Diving in Socorro Island & Revillagigedos Archipelago – All You Need to Know Before You Go
Socorro Island, officially called Revillagigedo National Park, is a remote island archipelago that emerges from the abyssal depths off the Mexican coast in the middle of the Pacific Ocean. This underwater paradise, also called “Mexican Galapagos”, is abundant in big marine life and you are sure to have an unforgettable dream-like experience! Read on to learn more.
Where exactly are the Socorro Islands located?
The island is volcanic in origin and is located about 250 miles off the coast of Cabo San Lucas, the extreme tip of the Baja California peninsula. A point where two nutrient-rich ocean currents meet, making the archipelago a unique intersection for species from different areas. There’s, even more, to be excited about. Here’s more on what marine life you can see when diving in Socorro, curated by our marine biologist Olimpia.
The Revillagigedo Archipelago is composed of three main islands and an islet: Socorro, the largest island where the Evermann volcano is located, San Benedico, famous for the giant manta rays that gather in groups from November to May, Roca Partida, the tip of a submerged volcano, and Clarion the furthest one from the coast. You can see them on the Revillagigedo islands map above.

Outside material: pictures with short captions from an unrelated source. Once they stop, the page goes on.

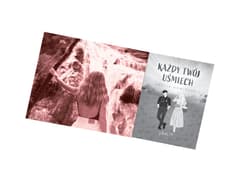 Galeria - zdjęcie nr. 4 - Każdy twój uśmiech. Barwione brzegi
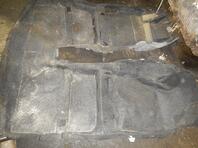 Покрытие напольное (ковролин) Toyota Corolla X [E14, E150] 2006 - 2013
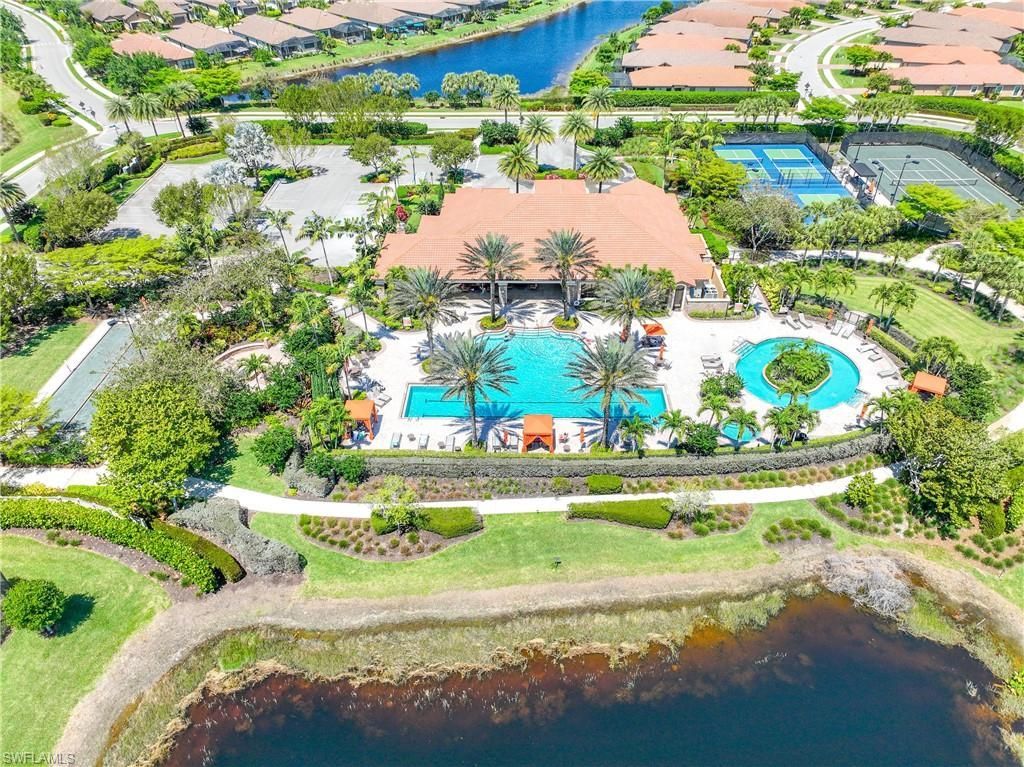 8110 Calle Canovas St, Unit A, Naples, FL 34114 Photo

The cruise to the remote Socorro archipelago takes place among these islands of volcanic origin where the greatest spectacle is provided by the sea. The sea offers volcanic landscapes, arches and an abundance of pelagic fish, many varieties of sharks (more than 28 species… that we know of) and wahoo attracted to these waters by the high presence of nourishment.
In this underwater paradise, also called “Mexican Galapagos” for the quality of the diving, unforgettable encounters can be made thanks to the constant presence of giant manta rays, whales (including humpback whales), hammerhead and many other sharks. Encounters with giant turtles and occasionally tiger sharks are possible.
How to get to Revillagigedo Islands?
The best way to reach Socorro is to get to San Jose del Cabo, from here you will reach the port of Cabo San Lucas (about 30km). The Revillagigedo Islands are accessible only by sea and uninhabited; the only way to visit Socorro is by cruise. The ship departs from Cabo San Lucas and generally stays about a week around this island. It takes about 24 hours to reach this remote destination from the mainland. Quite a lot right? But it’s the reason why visiting is worth it, and why we have decided to schedule an expedition there.
The most important diving spots in the Revillagigedo Archipelago are:
Roca Partida – A spur of volcanic rock completely covered with seagull guano and gannets, it is the top of a submerged volcano that emerges solitary from the open ocean. It features clear vertical walls that plunge into the blue at prohibitive depths. In the course of a dive you will be able to get around the entire pinnacle unless you are distracted by the presence of manta rays or sharks. These dives are certainly one of the absolute best in this entire area.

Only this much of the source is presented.